* WORK INSTRUCTIONS
Nothing in the records should be changed in the copy, though the pictures must be left out.

* * * *

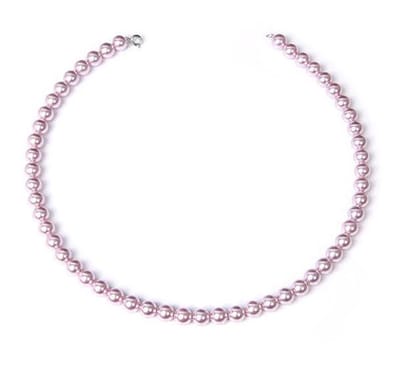 N3 Collecties Choker Ronde Natuurlijke Schelp Kralenkettingen-licht paars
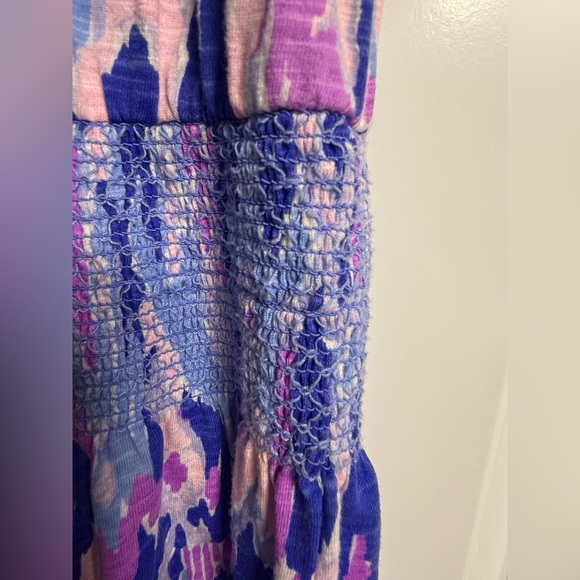 Lilly Pulitzer Tideline Amethyst One Too Many Knit Smock Waist Tank Dress Small - Picture 5 of 10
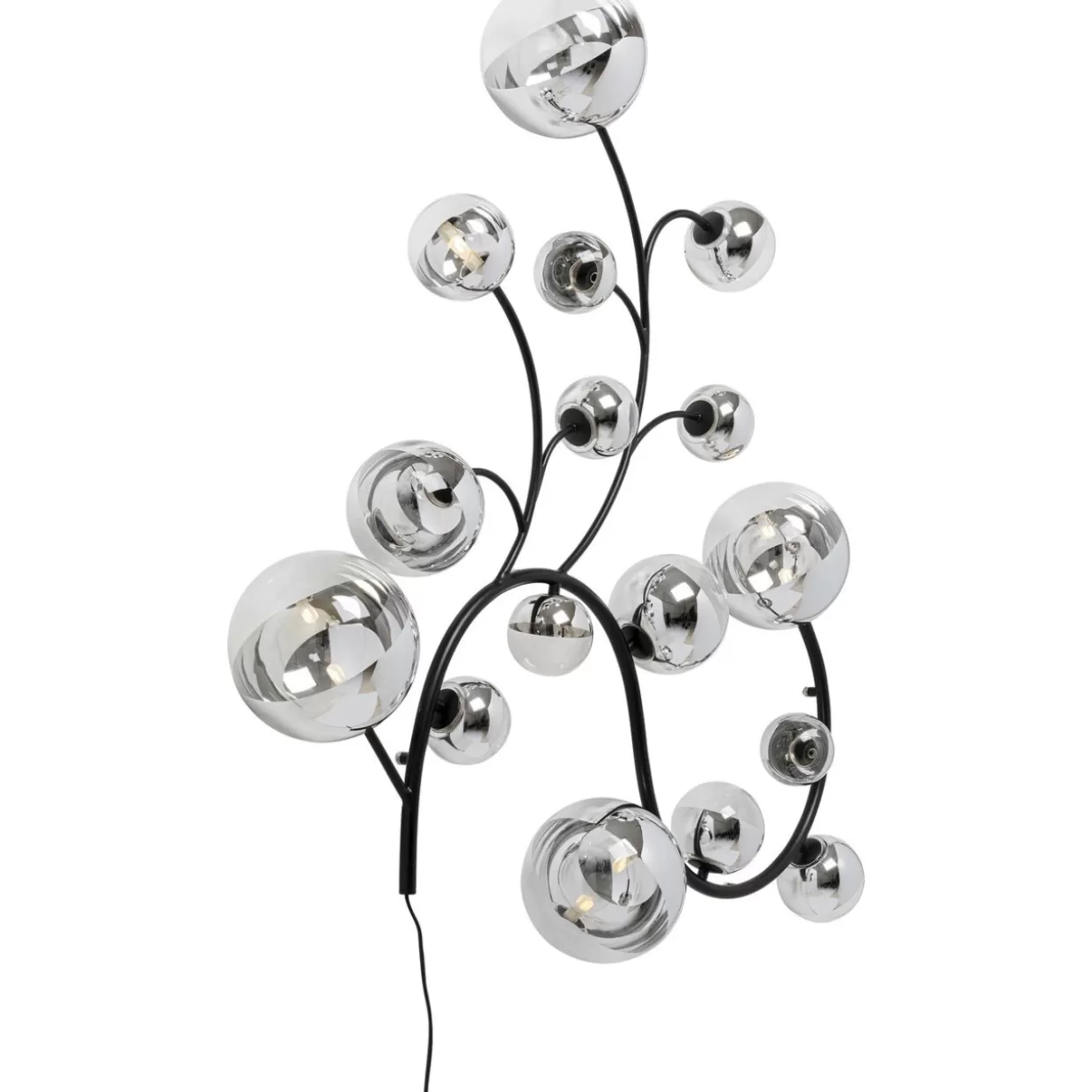 Lampada da Parete Moderna Boa Vista con Rifiniture a Specchio - Design Esclusivo KARE, Dimensioni 185x23 cm per Arredamento Elegante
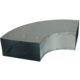 Bend 90 degrees 220x80 mm horizontal duct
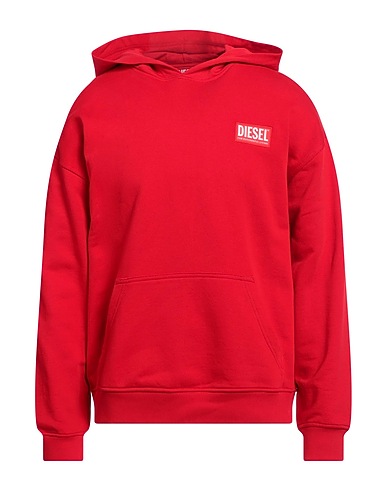 DIESEL Hooded track jacket  S-NLABEL-HOOD-L1
 Red 97% Cotton, 3% Elastane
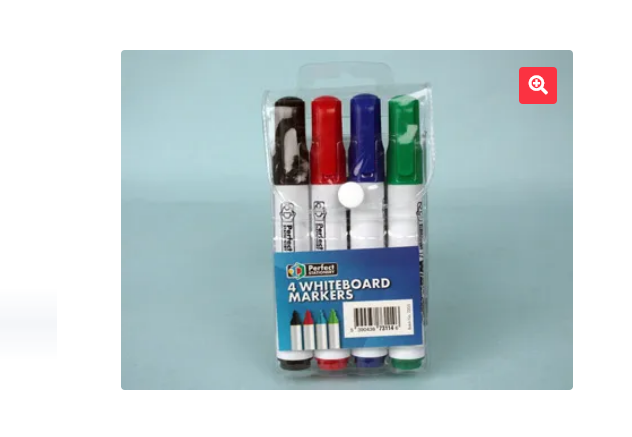 Whiteboard Markers Assorted Colours (4 Markers)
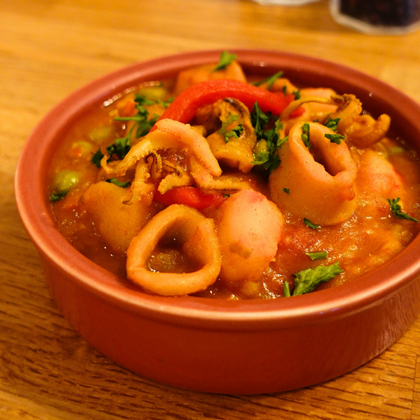 Guiso de Chipirones con Patatas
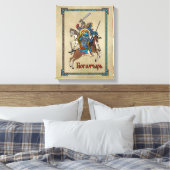 Medieval Russian Bogatyr Canvas Afdruk (Insitu (Slaapkamer))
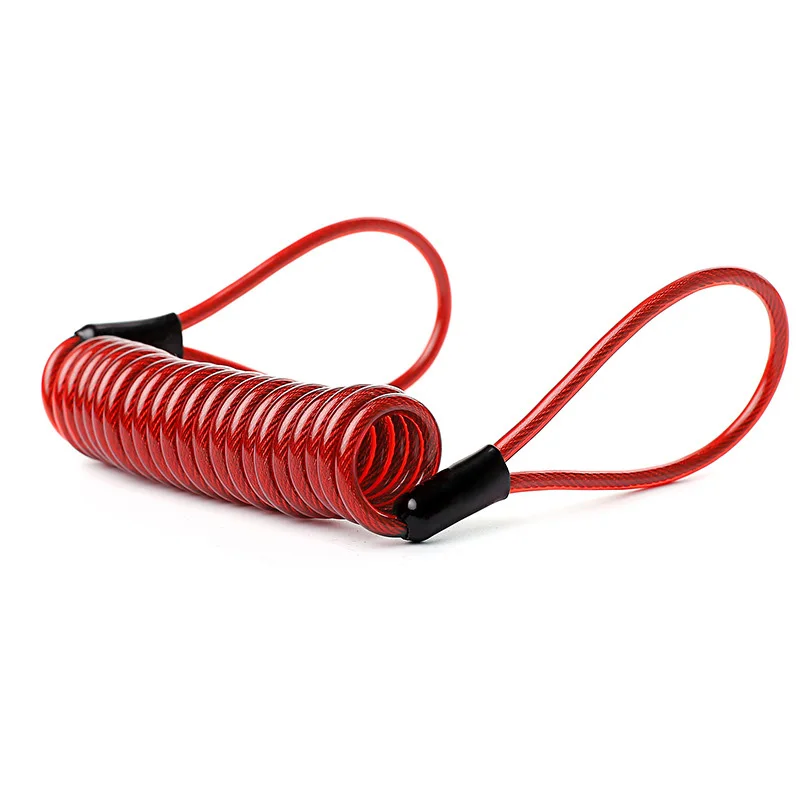 

Motorcycle Security Rope Security Stable Steel wire Scooter Luggage 120cm Anti Thief Lanyard Disc Brake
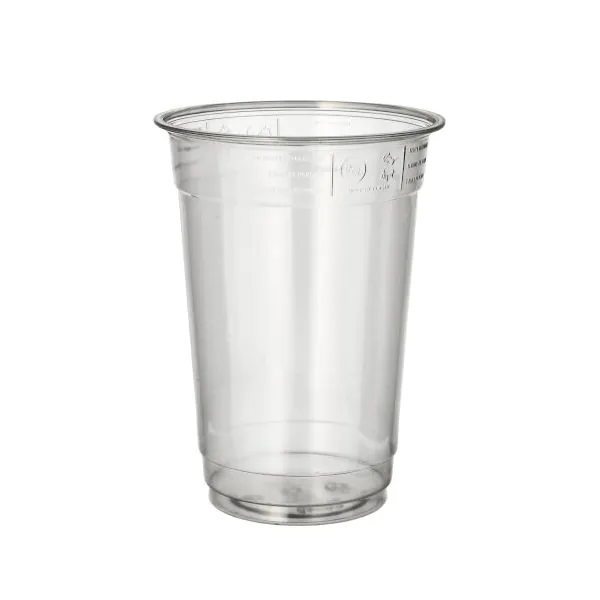 Plastikbecher (PET) "Hurricane" 0,4 l Ø 9,5 cm · 12,5 cm glasklar - Bild 1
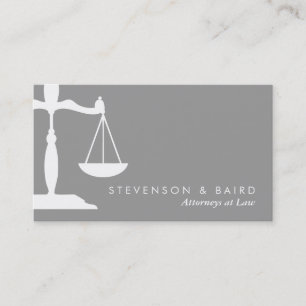 Justice Scale Business Card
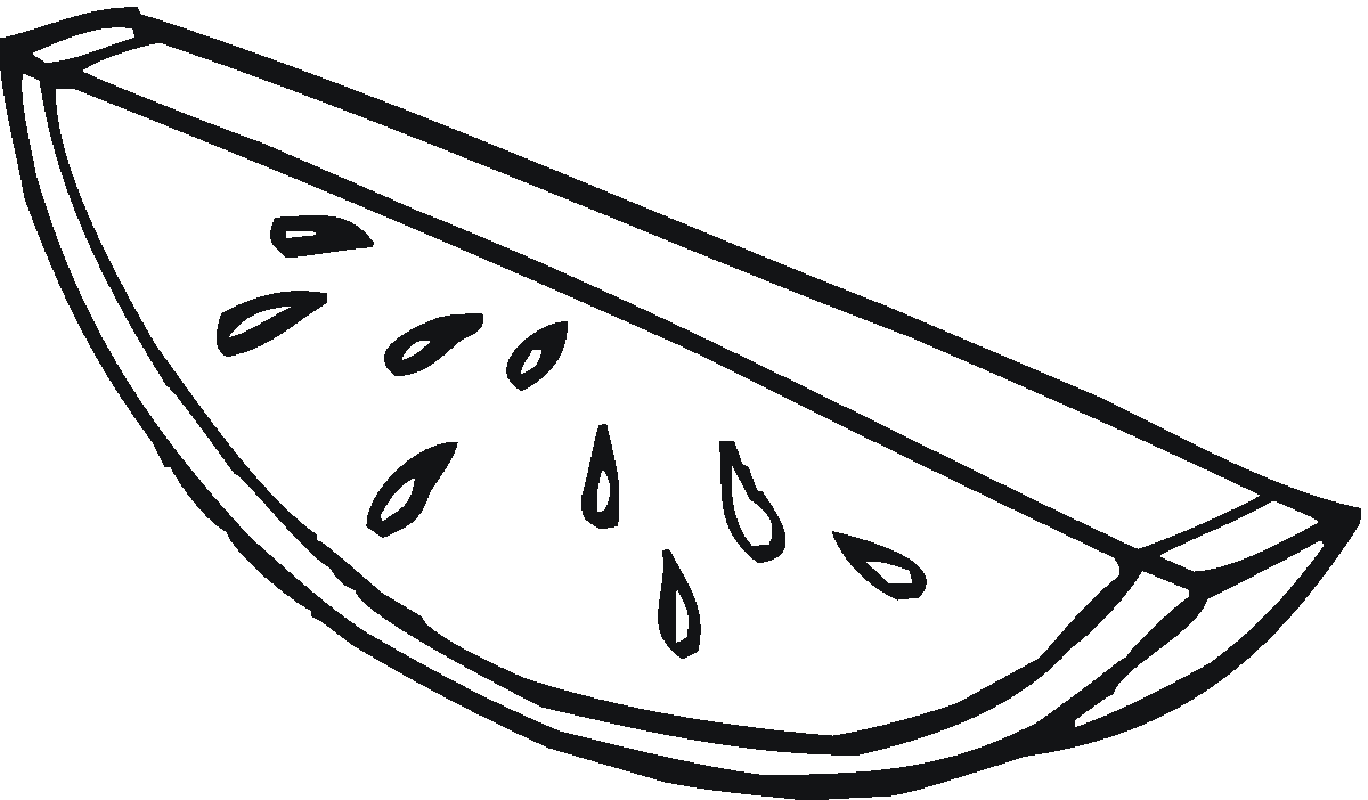 Кусок арбуза раскраска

* * * *

* SOLUTION TO THIS EXERCISE
 N3 Collecties Choker Ronde Natuurlijke Schelp Kralenkettingen-licht paars
 Lilly Pulitzer Tideline Amethyst One Too Many Knit Smock Waist Tank Dress Small - Picture 5 of 10
 Lampada da Parete Moderna Boa Vista con Rifiniture a Specchio - Design Esclusivo KARE, Dimensioni 185x23 cm per Arredamento Elegante
 Bend 90 degrees 220x80 mm horizontal duct
 DIESEL Hooded track jacket  S-NLABEL-HOOD-L1
 Red 97% Cotton, 3% Elastane
 Whiteboard Markers Assorted Colours (4 Markers)
 Guiso de Chipirones con Patatas
 Medieval Russian Bogatyr Canvas Afdruk (Insitu (Slaapkamer))

Motorcycle Security Rope Security Stable Steel wire Scooter Luggage 120cm Anti Thief Lanyard Disc Brake
 Plastikbecher (PET) "Hurricane" 0,4 l Ø 9,5 cm · 12,5 cm glasklar - Bild 1
 Justice Scale Business Card
 Кусок арбуза раскраска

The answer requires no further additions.